§ **Assignment**
Output, word for word and without pictures, the lines from the one containing "Birthday cake with" through the final line of the listing below.

§ **Extracted records**
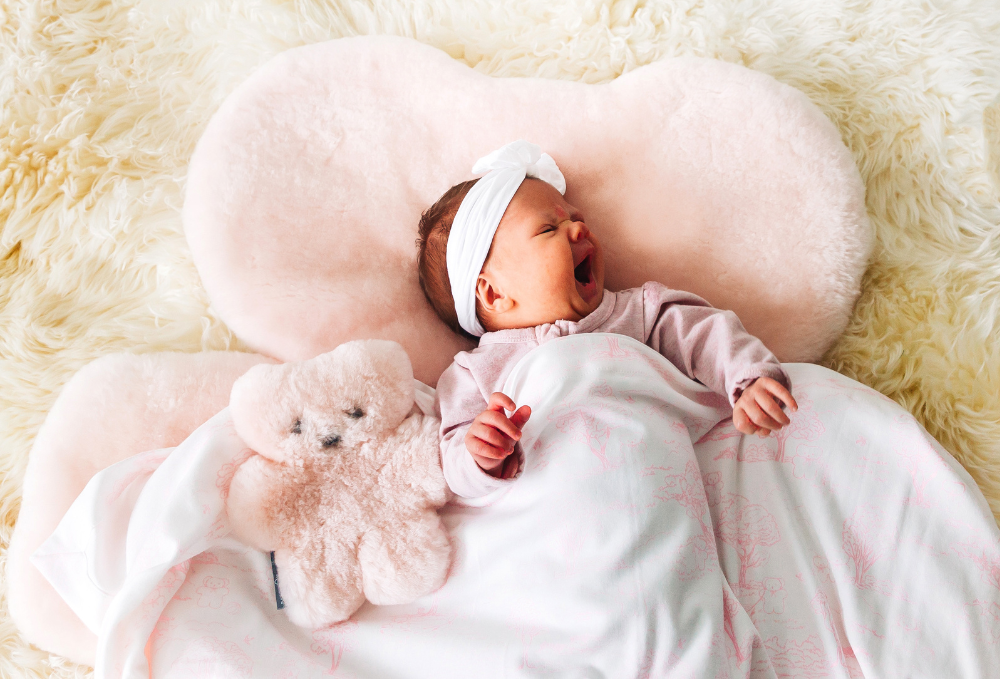 A baby and a pink teddy bear and baby rug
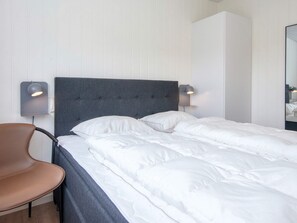 A neatly made bed with a grey headboard, two bedside lamps, and a brown chair in a hotel room.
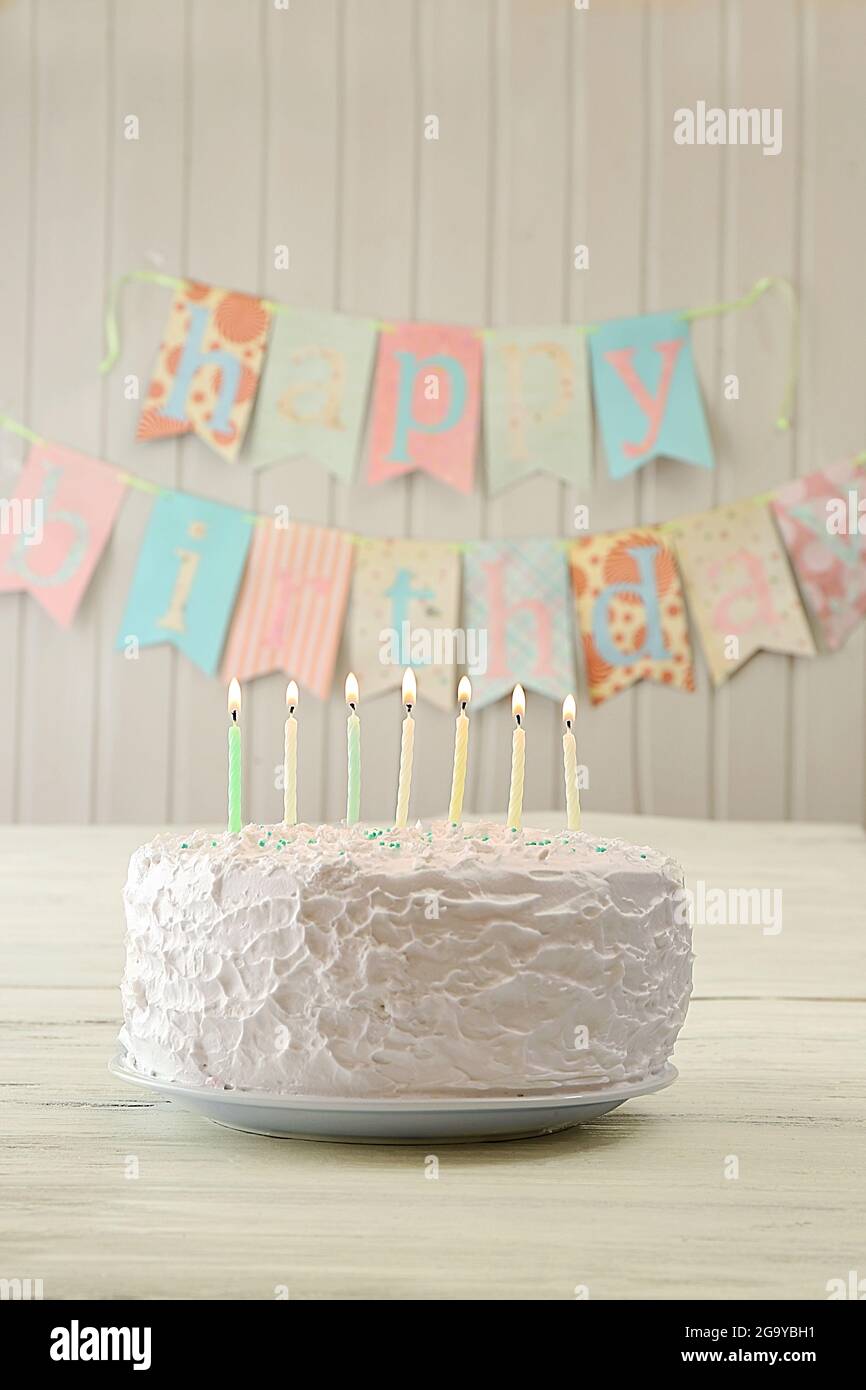 Birthday cake with candles on decorated wall background Stock Photo - Alamy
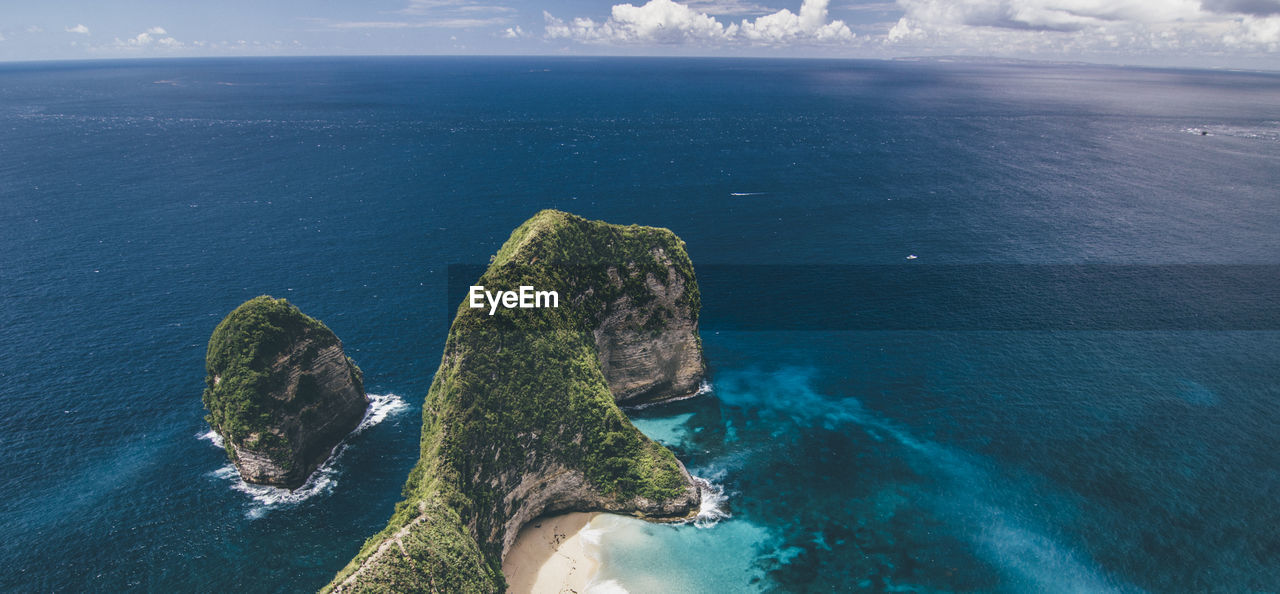 High angle view of sea against blue sky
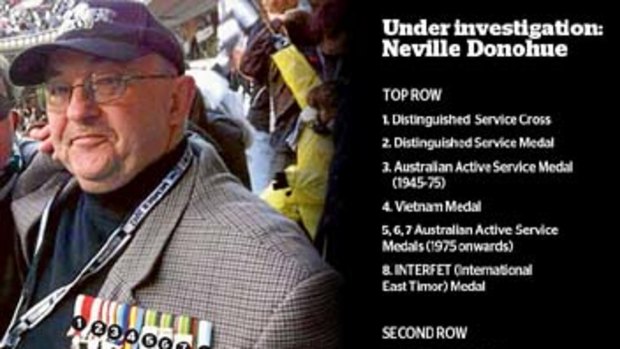 Highly decorated, highly suspect: Neville Donohue poses with an array of medals.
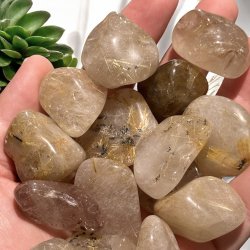 Guldrutil kvarts lommesten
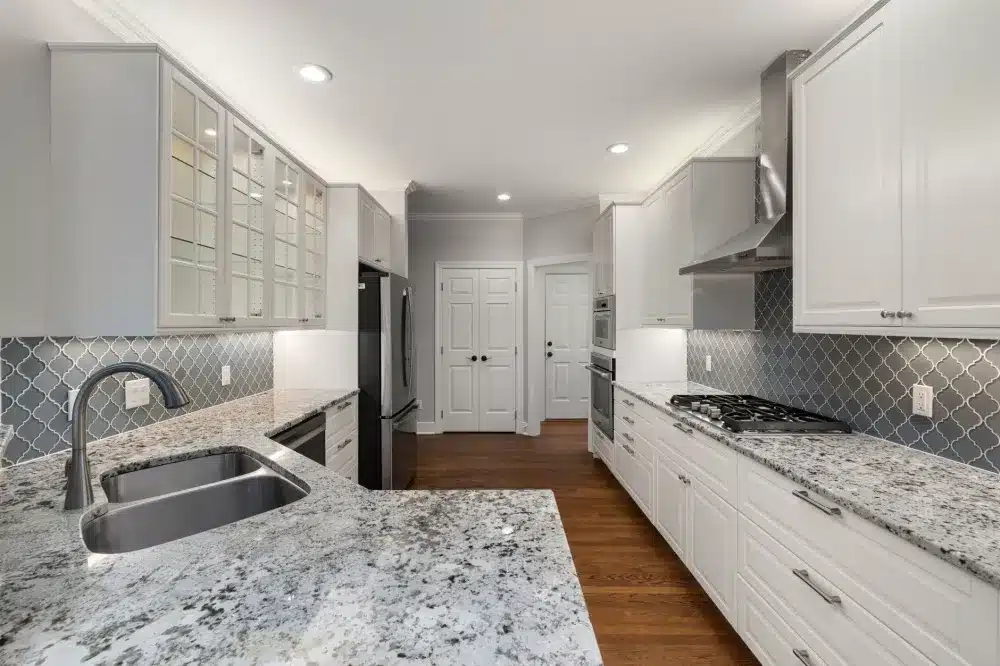 Freshly installed quartz countertop in a renovated Texas kitchen with subway tile backsplash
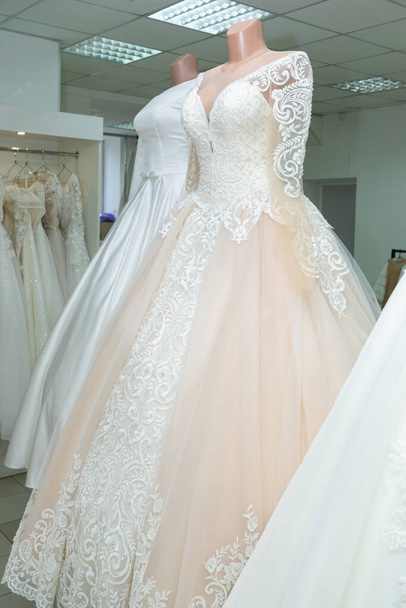 A beautiful cream wedding dress on a mannequin. A wedding dress on the background of other wedding dresses in a wedding salon. - Foto, Imagen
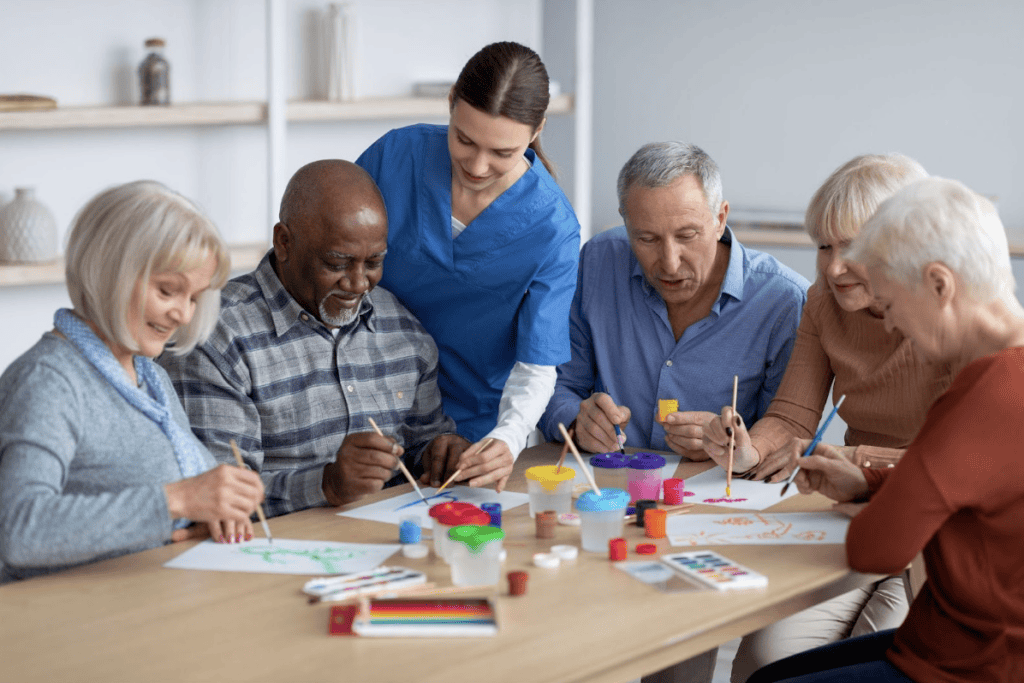 Seniors enjoying arts and crafts together at a healthcare center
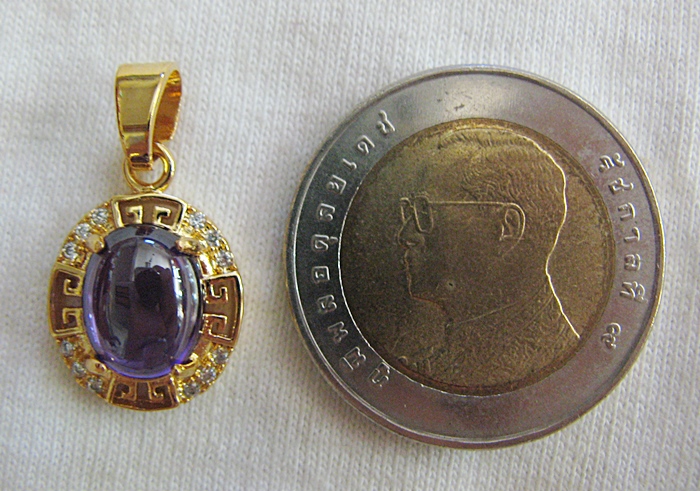 จี้พลอยมณีใต้น้ำ(เพชรพญานาค)สีม่วงแบบเล็กเลี่ยมกรอบประดับเพชร(ทุกราศี)เสริมโชคเสริมดวงค่ะ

§ **Reply**
 Birthday cake with candles on decorated wall background Stock Photo - Alamy
 High angle view of sea against blue sky
 Highly decorated, highly suspect: Neville Donohue poses with an array of medals.
 Guldrutil kvarts lommesten
 Freshly installed quartz countertop in a renovated Texas kitchen with subway tile backsplash
 A beautiful cream wedding dress on a mannequin. A wedding dress on the background of other wedding dresses in a wedding salon. - Foto, Imagen
 Seniors enjoying arts and crafts together at a healthcare center
 จี้พลอยมณีใต้น้ำ(เพชรพญานาค)สีม่วงแบบเล็กเลี่ยมกรอบประดับเพชร(ทุกราศี)เสริมโชคเสริมดวงค่ะ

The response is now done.